These two bowls are made from cherry; the stripes are bloodwood (red) and cocobolo (brown). There are at least two ways to turn square bowls, but for now you'll just have to speculate. I gave one of these to my father for his 90th birthday.
Thursday, December 08, 2005
Here are two cherry boxes that I turned. The bullet-shaped one was my first box. Each of these boxes is turned from a single piece of wood. Once the outside was turned, the cylinder was parted off between the top and bottom sections; each of these was then hollowed; and the join between the two turned to fit. These boxes are 4" tall. The larger is 3" in diameter; the smaller one is 2.5".
Wednesday, December 07, 2005
Here's the basic process in turning a bowl - in this case a fairly large bowl from a beautiful chunk of box elder. In the first picture the block of wood has been mounted on a faceplate, and because of its size, also supported by the tailstock.
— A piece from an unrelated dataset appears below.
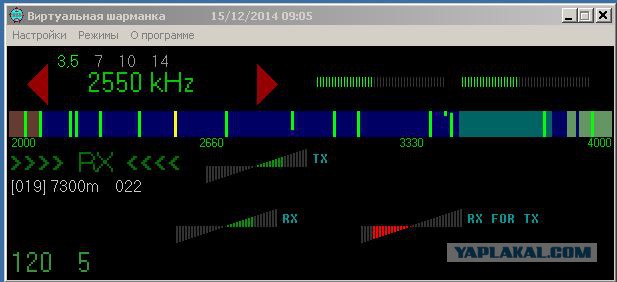 Радиолюбителям ЯПа, Виртуальная шарманка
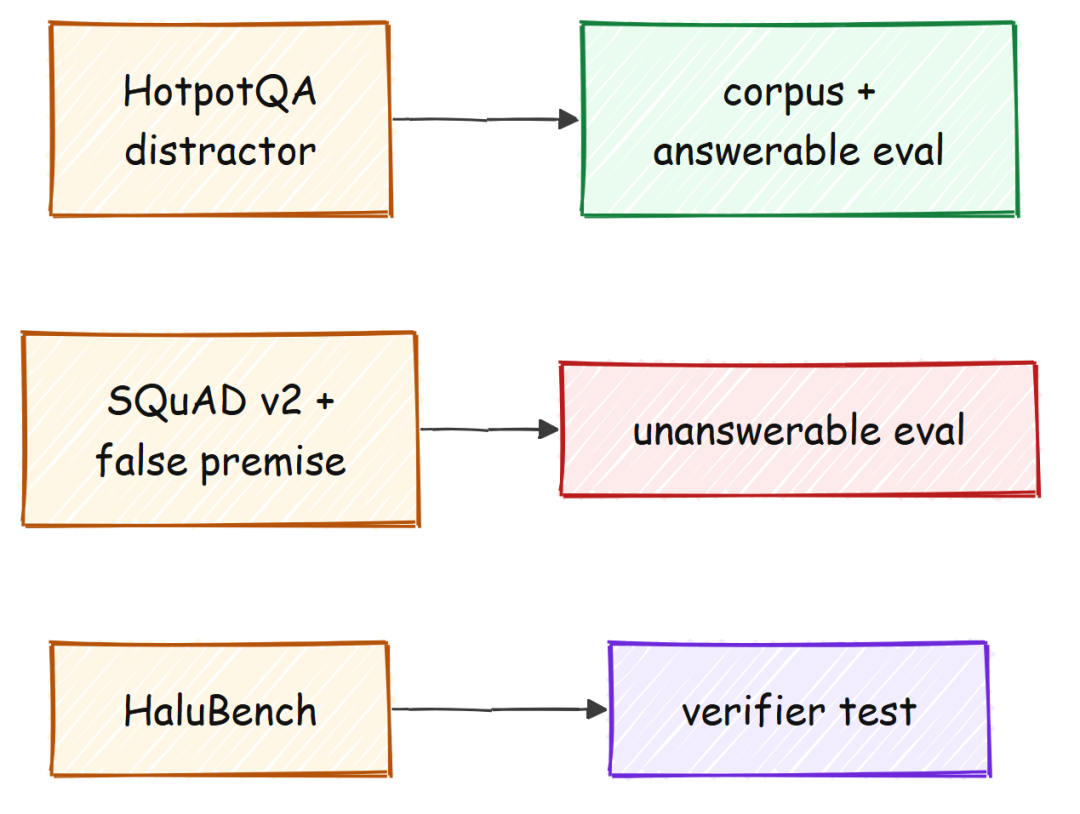 每个 dataset 都有一个角色：HotpotQA 是 corpus 和 answerable set，SQuAD v2 加 false premises 是 unanswerable set，HaluBench 测试 verifier（由 Fareed Khan 创建）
In the second picture the blank has been turned round, but has not yet been shaped. Subsequent to taking this picture I turned the outside shape of the bowl and turned a tenon on the base so that I could reverse the blank and grab the tenon with my chuck. But I forgot to photograph this step!
Here the blank has been reversed, and is held by its base in a 4-jaw chuck. Since it hasn't been hollowed out yet it is still very heavy - so I'll bring the tail stock up again to support the blank while I start turning the inside of the bowl.
I'm now turning the inside of the bowl. When I've finished it can be re-mounted the other way around so that I can shape the outside of the bottom of the bowl.
I've finished turning the inside of the bowl. Now I'll re-mount it to turn the bottom.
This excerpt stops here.